## Your goal:
Please repeat only the lines below starting at the line that holds "Dẫn e Ngân2k6" and ending at the line that holds "Dragon Ball Super - Cartazes", exactly, with both of those lines included and every picture omitted.

## Extracted material:

══════════

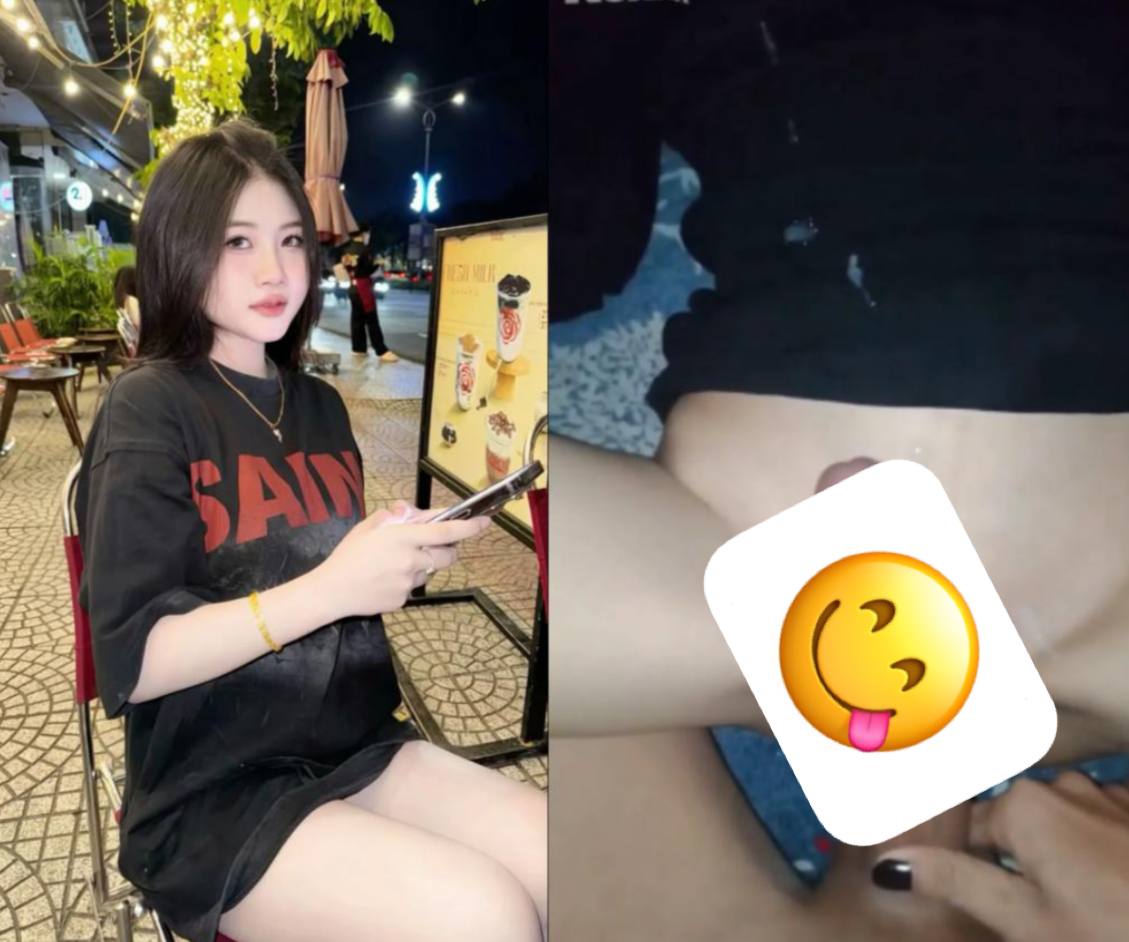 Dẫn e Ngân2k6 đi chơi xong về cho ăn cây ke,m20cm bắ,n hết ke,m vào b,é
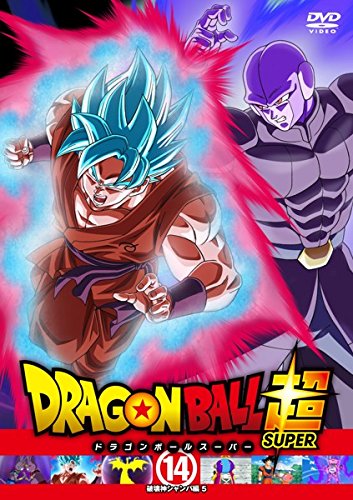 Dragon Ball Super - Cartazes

══════════

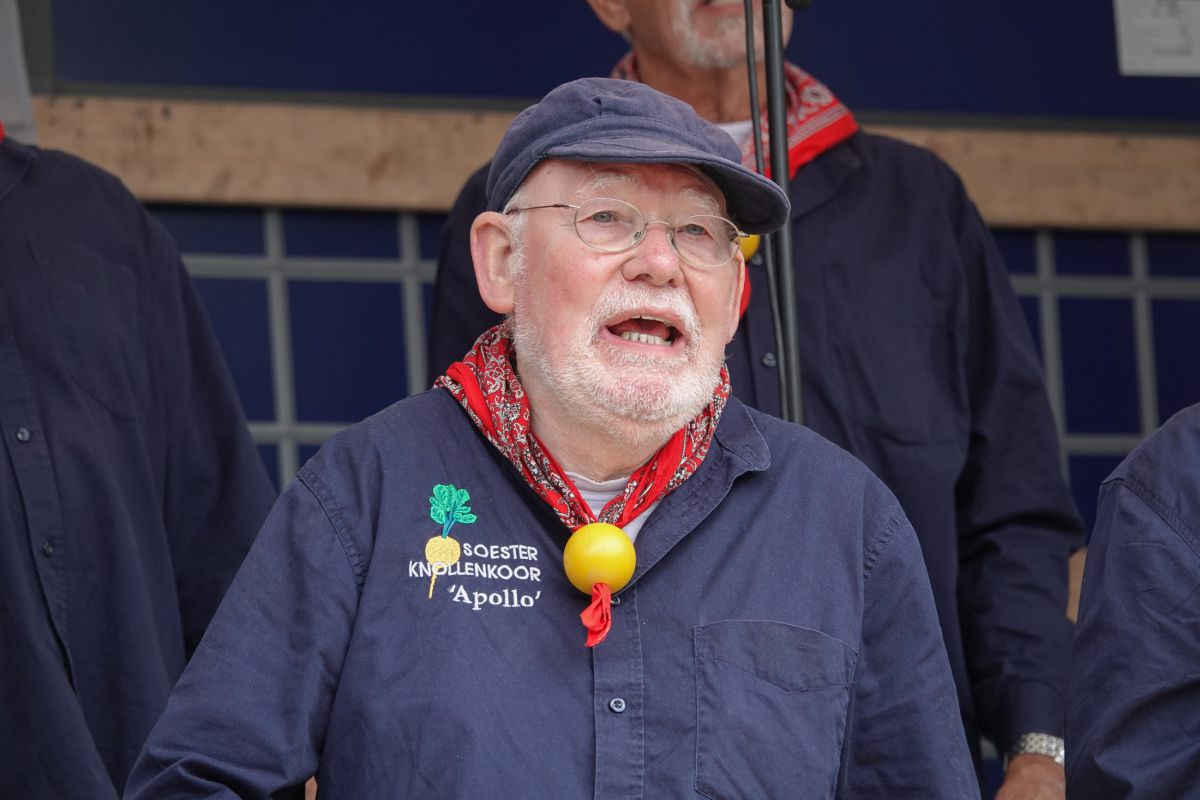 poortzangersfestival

══════════

## Response to this task:
 Dẫn e Ngân2k6 đi chơi xong về cho ăn cây ke,m20cm bắ,n hết ke,m vào b,é
 Dragon Ball Super - Cartazes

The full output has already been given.